Developed in collaboration with the Mid-Sized Bank Coalition of America (MBCA), an industry consortium of US banks with assets between approximately $8bn and $50bn, the Accenture Financial Crime Analytics Utility focuses initially on risk-management capabilities, including anti-money-laundering (AML) compliance. It will be expanded to add additional functionality for members, providing the ability to run analytics-intensive operations for a wide variety of other bank functions, including cybersecurity and third-party risk management.
 
The analytics utility provides a common, secure platform to which banks can upload their data, enabling them to achieve the benefits of scale they could not accomplish individually. It gives banks access to an application store and data marketplace that provides analytics tools, data models and reports, and application program interfaces (APIs).

Users can publish new innovations for other members to use by uploading them back to the store, which will also provide access to future releases of products and services.
 
Accenture banking practice managing director Scott Nathan said: “Our new utility helps level the playing field for mid-size banks, enabling them to leverage analytics at scale and apply data-driven insights as only larger banks previously could.

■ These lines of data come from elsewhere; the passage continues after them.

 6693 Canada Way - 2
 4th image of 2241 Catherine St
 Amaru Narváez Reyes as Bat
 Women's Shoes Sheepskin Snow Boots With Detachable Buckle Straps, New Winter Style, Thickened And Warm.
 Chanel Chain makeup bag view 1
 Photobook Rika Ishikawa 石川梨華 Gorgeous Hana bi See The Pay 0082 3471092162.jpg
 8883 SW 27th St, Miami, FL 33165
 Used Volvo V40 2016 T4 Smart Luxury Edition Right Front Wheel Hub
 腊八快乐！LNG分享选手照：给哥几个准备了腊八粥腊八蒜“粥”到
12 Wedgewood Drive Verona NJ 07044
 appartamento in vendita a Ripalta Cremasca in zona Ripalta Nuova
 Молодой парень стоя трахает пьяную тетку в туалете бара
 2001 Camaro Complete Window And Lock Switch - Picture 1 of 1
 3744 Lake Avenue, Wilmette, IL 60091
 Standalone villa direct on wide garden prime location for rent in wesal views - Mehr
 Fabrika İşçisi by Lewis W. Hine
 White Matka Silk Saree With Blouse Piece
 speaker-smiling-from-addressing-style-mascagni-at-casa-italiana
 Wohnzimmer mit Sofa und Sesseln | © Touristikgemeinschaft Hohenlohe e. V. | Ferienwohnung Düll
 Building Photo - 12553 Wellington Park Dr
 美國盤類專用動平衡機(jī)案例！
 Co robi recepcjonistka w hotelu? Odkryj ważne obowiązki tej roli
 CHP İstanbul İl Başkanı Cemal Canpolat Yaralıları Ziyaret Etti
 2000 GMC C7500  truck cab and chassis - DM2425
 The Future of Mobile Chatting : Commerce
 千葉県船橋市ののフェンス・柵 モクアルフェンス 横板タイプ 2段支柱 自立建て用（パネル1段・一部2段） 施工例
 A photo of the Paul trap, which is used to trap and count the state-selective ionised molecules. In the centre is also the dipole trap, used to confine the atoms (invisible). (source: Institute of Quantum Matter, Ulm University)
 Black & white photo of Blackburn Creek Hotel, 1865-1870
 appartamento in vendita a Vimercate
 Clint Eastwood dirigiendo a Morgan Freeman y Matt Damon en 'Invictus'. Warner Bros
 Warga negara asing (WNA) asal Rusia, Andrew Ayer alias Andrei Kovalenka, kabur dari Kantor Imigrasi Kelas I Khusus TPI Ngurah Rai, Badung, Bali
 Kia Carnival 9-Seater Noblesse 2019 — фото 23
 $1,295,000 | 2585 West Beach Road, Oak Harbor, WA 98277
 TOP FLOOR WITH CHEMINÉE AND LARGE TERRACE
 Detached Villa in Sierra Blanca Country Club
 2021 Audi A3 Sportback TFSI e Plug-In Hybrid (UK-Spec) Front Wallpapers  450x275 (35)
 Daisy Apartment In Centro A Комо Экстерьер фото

“Clients can take advantage of the most advanced analytics as a fully supported service to transform their data into actionable insights to improve performance and outcomes – and compete more effectively in today’s digital world.”
 
The utility’s flexible architecture enables the collective sharing of non-competitive data sets, as well as future coordination with the Financial Crimes Enforcement Network’s recently launched FinCEN Exchange, supporting proactive collaboration with regulators and end-users in the law enforcement community. The vision is to enable utility members to share data to help fight financial crime collectively by providing insight into abnormal behavior patterns and other illicit activity detected by member banks, creating a more holistic view of customers from a financial crimes perspective.
 
Complying with AML and other financial-crimes regulations in the U.S., such as the Bank Secrecy Act (BSA), can be an expensive undertaking. Further, while banks have a lot of available data, their challenge in driving BSA/AML decisions is getting to the right data in the most cost-effective ways. Accenture’s new utility helps enable banks to cost-effectively source and share the right intelligence to make informed decisions on BSA/AML issues quickly and securely.

Among the key benefits that the new utility can provide participating banks are:

Enhanced productivity. Through analytics-driven insights, the utility enables banks to make decisions more quickly and reduce false positives.

Lower compliance costs. The solution can augment the productivity of people working in financial crime prevention and reduce or eliminate reliance on third-party providers for software and system changes, enabling the bank to reallocate resources to higher-value activities.

A reduced overall risk profile. By enabling deeper, actionable intelligence and defensible statistics, the utility can help banks fine-tune their policies, standards, processes and procedures to better monitor and control for BSA/AML risks.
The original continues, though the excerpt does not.